BEGIN MATERIAL PROVIDED

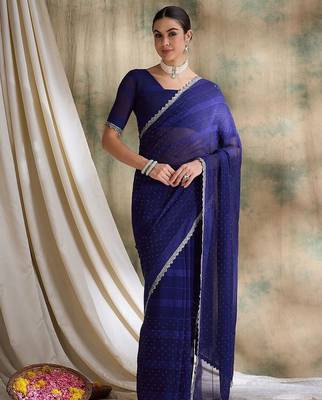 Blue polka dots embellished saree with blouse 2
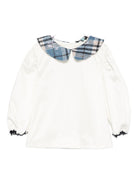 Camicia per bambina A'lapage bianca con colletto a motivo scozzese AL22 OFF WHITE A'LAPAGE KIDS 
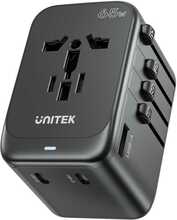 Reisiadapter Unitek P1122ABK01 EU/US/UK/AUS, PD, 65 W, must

END MATERIAL PROVIDED
BEGIN MATERIAL PROVIDED

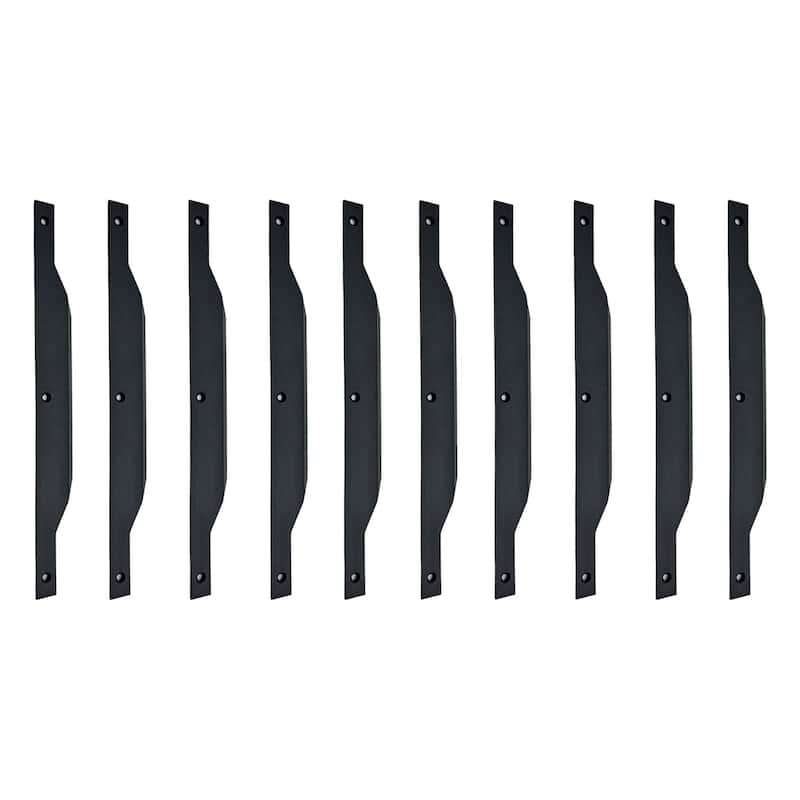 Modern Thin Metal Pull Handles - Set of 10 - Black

END MATERIAL PROVIDED

## PROBLEM
Look through the listing above for the line with "Camicia per bambina" and the line with "Reisiadapter Unitek P1122ABK01". Write out exactly those lines and everything between, leaving out pictures.

## OUTPUT OF THE TASK
 Camicia per bambina A'lapage bianca con colletto a motivo scozzese AL22 OFF WHITE A'LAPAGE KIDS 
 Reisiadapter Unitek P1122ABK01 EU/US/UK/AUS, PD, 65 W, must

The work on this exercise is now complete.